Protest lodged with EU on scrapping talks over Sami

28 Apr, 2005

Pakistan assailed the EU on Wednesday over the European Parliament's decision to cancel talks with a delegation of Pakistani lawmakers because one was a pro-Taleban cleric. "I ... today lodged a strong protest with the EU presidency on the treatment meted out to Senator Samiul Haq," Foreign Minister Khursheed Mehmood Kasuri told a news conference after talks with senior European Union officials in Luxembourg. "We attach a lot of importance to our relationship with the European Union and incidents of this nature act as an irritant."
An eight-member delegation from Pakistan's Senate were due to hold talks on Kashmir and other issues with the Foreign Affairs Committee of the EU assembly in Brussels.
But security staff at Brussels airport stopped Senator Maulana Samiul Haq for 90 minutes, saying he needed clearance from the Belgian government to enter the country.
The meeting with the EU parliament was then called off.
"Pakistan is a pluralistic society.
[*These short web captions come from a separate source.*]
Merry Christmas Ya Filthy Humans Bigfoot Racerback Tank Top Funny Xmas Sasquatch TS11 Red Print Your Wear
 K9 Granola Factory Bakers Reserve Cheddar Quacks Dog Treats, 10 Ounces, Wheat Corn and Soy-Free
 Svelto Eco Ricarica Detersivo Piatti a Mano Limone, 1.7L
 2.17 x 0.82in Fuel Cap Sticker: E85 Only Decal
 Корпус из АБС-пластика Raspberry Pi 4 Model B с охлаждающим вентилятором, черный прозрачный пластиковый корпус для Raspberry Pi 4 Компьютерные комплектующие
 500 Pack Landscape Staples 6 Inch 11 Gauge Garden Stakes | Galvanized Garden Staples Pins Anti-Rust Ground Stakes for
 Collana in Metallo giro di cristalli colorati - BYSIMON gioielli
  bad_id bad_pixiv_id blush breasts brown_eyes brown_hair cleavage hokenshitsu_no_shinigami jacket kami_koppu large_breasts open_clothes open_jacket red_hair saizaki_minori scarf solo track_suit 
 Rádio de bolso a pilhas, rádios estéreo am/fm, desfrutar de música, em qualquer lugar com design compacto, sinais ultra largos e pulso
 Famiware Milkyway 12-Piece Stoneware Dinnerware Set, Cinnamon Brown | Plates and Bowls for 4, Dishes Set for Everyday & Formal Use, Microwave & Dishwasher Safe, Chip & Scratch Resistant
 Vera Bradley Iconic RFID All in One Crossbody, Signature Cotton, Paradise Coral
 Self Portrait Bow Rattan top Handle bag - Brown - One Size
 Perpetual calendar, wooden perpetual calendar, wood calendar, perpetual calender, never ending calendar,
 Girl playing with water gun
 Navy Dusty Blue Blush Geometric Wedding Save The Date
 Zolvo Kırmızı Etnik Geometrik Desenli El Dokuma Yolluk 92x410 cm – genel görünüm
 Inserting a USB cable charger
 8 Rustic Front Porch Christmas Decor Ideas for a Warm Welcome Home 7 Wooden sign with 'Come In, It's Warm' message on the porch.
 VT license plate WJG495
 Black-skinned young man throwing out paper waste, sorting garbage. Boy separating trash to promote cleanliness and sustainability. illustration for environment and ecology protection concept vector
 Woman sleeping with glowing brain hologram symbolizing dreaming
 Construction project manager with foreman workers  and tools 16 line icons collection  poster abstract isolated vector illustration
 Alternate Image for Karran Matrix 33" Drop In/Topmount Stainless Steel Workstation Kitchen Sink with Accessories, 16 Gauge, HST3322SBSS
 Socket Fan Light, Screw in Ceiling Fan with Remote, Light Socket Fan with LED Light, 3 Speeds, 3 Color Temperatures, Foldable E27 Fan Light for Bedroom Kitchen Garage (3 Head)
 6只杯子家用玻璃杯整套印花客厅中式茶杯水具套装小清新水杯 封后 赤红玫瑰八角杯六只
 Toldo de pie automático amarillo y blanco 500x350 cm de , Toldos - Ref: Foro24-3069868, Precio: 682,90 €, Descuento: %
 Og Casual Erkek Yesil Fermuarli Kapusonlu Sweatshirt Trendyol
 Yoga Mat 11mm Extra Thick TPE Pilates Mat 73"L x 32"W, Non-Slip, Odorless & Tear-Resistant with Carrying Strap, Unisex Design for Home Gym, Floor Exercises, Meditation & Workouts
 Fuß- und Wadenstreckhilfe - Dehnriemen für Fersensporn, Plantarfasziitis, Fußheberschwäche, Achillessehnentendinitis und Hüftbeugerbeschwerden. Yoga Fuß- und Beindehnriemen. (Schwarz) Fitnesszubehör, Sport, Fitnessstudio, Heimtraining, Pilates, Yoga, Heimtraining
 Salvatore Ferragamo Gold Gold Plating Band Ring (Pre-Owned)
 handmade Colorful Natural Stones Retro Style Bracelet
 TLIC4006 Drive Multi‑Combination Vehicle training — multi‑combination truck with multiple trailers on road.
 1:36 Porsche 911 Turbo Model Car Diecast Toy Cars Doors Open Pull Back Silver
We have political parties of every view and hue," Kasuri said.
"We have ... religious political parties," he added. "Yes, at one time they supported Taleban, but so did a large number of Western countries. But it was not so easy for these political parties to change gear as it was for Western opinion."
He said he had written to Luxembourg Foreign Minister Jean Asselborn, whose country currently holds the presidency of the EU, to seek reassurances that such an incident does not recur.
Asselborn, speaking at the same news conference, described the incident as regrettable. "Nonetheless, we would see this as a blip against a generally bright background of our improving relations," he said.